The following DisruptionCron manifest example triggers node failure disruptions every 15 minutes:
apiVersion: chaos.datadoghq.com/v1beta1
kind: DisruptionCron
metadata:
name: node-failure
namespace: chaos-demo # it must be in the same namespace as targeted resources
spec:
schedule: "*/15 * * * *" # cron syntax specifying that disruption occurs every 15 minutes
targetResource: # a resource to target
kind: deployment # a resource name to target
name: demo-curl # can be either deployment or statefulset
disruptionTemplate:
count: 1 # the number of resources to target, can be a percentage if you suffix with "%", e.g. `count: 100%`
duration: 1h # the amount of time before your disruption automatically terminates itself, for safety
nodeFailure: # trigger a kernel panic on the target node
shutdown: false # do not force the node to be kept down
The .spec.schedule
field is required. The value of that field follows the Cron syntax:
# ┌───────────── minute (0 - 59)
# │ ┌───────────── hour (0 - 23)
# │ │ ┌───────────── day of the month (1 - 31)
# │ │ │ ┌───────────── month (1 - 12)
# │ │ │ │ ┌───────────── day of the week (0 - 6) (Sunday to Saturday;
# │ │ │ │ │ 7 is also Sunday on some systems)
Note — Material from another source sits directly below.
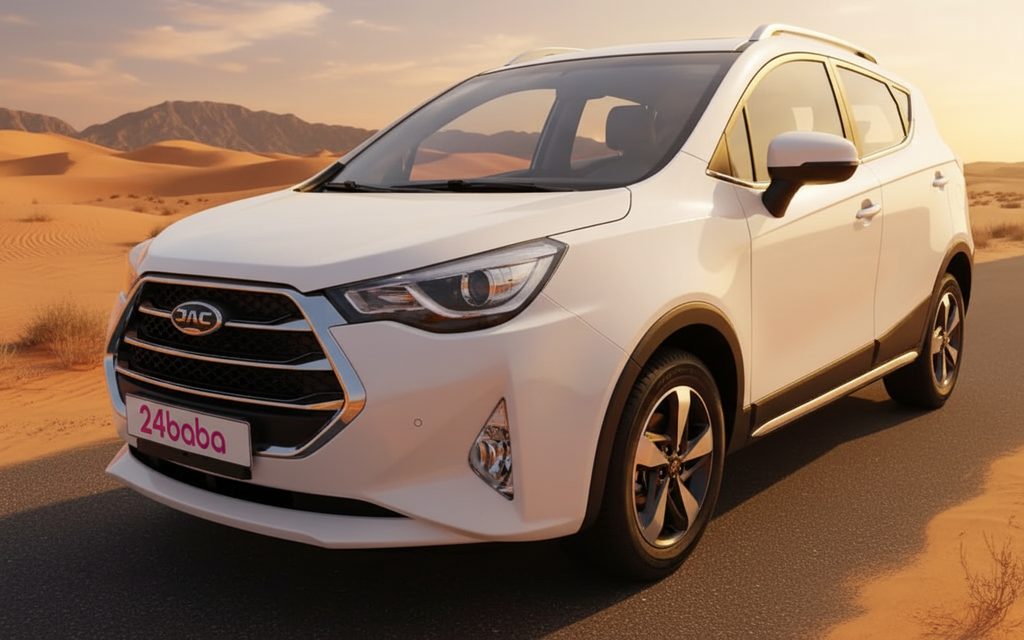 Jac S3 2023 White front view with headlights – rental in Dubai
# │ │ │ │ │ OR sun, mon, tue, wed, thu, fri, sat
# │ │ │ │ │
# * * * * *
For instance, 0 12 * * 5
states that the task must be started every Friday at noon.
To generate CronJob schedule expressions, you can also use web tools like crontab.guru.
The .spec.targetResource
field specifies which resource to run disruptions against, and is required. Since DisruptionCrons are designed to be semi-permanent, they're best used to target other long-lasting resources. As such, the .spec.targetResource.kind
field can only be set to either deployment
or statefulset
. At runtime, pods from either of these resources are randomly selected for disruption.
The .spec.disruptionTemplate
defines a template for the Disruptions that the DisruptionCron creates, and it is required.
Its schema is identical to a DisruptionSpec
of the Disruption
CRD. Detailed examples of various Disruption types, including their respective manifests, are readily available for reference.
The .spec.delayedStartTolerance
field is optional. It establishes a time threshold for starting the Disruption. It accepts values in the format of golang's time.Duration
, like "45s", "15m30s", or "4h30m".
If a Disruption doesn't start on time and goes beyond this threshold, that particular instance of the Disruption is skipped but future occurrences remain scheduled. When there's no specified delayedStartTolerance
, there's no time limit, and Disruptions can begin after any delay.
For instance, with a setting of "200s", the Disruption can begin up to 200 seconds past its scheduled time."